You know Luke, Mel annoys me outside the movies and i thought I'd react the same way when I saw this. But he's just as simple and charming as ever and the weathered look he's gotten actually makes us like him more onscreen.

Anonymous said...

Thanks for a great comment and for acting politically incorrect as it were by saying just favorable things about Mel Gibson. More and more people are these days. It brings some balance to the forever negatively colored debate. I loved the movie as well. Actually the best I saw in a very long time.
Mel Gibson gets interviewed about 250 times during the promotion of this film, more than 99 % of the interviews are average, they don't get mentioned, the few (literally) in which there is some irritation get re-run and re-run, with accompanying comments that lead us to believe he is acting "as a mad man" when he defends himself or gets irritated (like no-one else ever defends themselves, gets irritated or mutters a one-word profanity).

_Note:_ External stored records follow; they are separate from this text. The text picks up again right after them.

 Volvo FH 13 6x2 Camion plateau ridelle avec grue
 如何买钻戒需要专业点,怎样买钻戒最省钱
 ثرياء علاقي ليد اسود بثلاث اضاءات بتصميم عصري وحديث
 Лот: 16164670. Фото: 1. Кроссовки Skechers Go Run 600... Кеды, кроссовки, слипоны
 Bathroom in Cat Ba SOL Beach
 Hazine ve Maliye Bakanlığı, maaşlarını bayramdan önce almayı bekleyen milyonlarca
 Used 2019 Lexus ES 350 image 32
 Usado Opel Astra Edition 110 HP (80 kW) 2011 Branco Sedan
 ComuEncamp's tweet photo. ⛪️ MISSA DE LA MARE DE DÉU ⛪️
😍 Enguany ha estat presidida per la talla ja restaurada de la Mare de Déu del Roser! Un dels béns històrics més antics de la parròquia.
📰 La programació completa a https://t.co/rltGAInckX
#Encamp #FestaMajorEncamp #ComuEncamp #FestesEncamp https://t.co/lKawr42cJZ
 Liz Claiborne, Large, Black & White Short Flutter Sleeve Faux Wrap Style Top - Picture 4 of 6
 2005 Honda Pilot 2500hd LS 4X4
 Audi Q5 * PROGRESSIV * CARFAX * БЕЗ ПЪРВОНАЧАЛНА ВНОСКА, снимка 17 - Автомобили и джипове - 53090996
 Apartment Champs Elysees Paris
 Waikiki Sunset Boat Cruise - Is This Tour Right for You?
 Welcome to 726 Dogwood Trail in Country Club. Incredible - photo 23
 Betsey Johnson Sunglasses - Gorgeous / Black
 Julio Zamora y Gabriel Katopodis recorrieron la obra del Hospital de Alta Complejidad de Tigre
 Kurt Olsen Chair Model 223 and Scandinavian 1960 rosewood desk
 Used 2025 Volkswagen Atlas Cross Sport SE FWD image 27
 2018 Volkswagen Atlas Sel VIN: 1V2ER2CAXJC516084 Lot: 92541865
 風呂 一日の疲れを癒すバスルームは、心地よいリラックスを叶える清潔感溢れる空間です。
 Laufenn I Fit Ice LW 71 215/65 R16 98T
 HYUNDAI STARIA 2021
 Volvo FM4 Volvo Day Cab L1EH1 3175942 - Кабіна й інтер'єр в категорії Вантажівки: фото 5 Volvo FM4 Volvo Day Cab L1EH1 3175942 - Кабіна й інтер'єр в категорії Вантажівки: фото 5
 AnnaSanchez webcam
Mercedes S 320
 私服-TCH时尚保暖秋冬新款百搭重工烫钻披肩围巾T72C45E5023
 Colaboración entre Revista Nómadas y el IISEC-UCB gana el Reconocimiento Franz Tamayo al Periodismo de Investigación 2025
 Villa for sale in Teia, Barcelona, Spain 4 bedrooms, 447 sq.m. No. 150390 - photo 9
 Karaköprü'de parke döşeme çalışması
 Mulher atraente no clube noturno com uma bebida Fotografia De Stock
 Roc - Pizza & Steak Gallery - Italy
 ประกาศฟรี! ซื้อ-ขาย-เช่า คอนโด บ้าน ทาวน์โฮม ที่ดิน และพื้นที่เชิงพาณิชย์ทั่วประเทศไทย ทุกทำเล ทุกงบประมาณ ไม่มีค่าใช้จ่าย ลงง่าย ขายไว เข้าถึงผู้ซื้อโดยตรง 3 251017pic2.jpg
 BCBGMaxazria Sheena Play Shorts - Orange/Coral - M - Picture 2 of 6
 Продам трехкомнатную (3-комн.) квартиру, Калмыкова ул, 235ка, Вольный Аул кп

This unbalanced reporting leads to a heavy misrepresentation of how he behaves in general and what he is like to be with. And that has been going on for a long time now. Everybody would get irritated by that at some point, whether they had misbehaved at one point or not. If they ask you to be fair and balanced, so should they.
And although some suggest it is shameful of him to defend himself or get irritated with THEM, he actually does not have an obligation to keep bowing his head and take beatings – just because they are shocked or irritated that he does not take on that role. He actually has every right to get irritated now and then and to stand up for himself. And it shouldn't get typecast as out of control either.
One incident in over 50 years of life for which he apologized is no match for the repeated hostility he gets met with, the demeaning and hurtful remarks he continually has to deal with, often delivered as so-called neutral remarks or just a joke. It is not Mel Gibson who is out of control, but the people who go on and on and show no remorse what so ever for doing so. And these people should not misrepresent their personal opinion that he is a bigot as a rational fact. If alcohol were a truth serum we could use it in court. It is not.

Jose said...

Thanks for your comment Anonymous. I agree with you, I think it's about time audiences stopped being so hypocritical and full of double standards when it comes to celebrities. Their job is to entertain us not be our parents or teachers.
I don't see why people like him or Tiger Woods have to apologize to society and even the congress for their personal lifestyle choices.
Because they drink and/or have mistresses it doesn't mean they are worse in their careers.
When it comes to Mel I prefer to enjoy his movies as an actor than obsess about what he's drinking or saying when drunk. We turn entertainment into a Roman circus too much too often.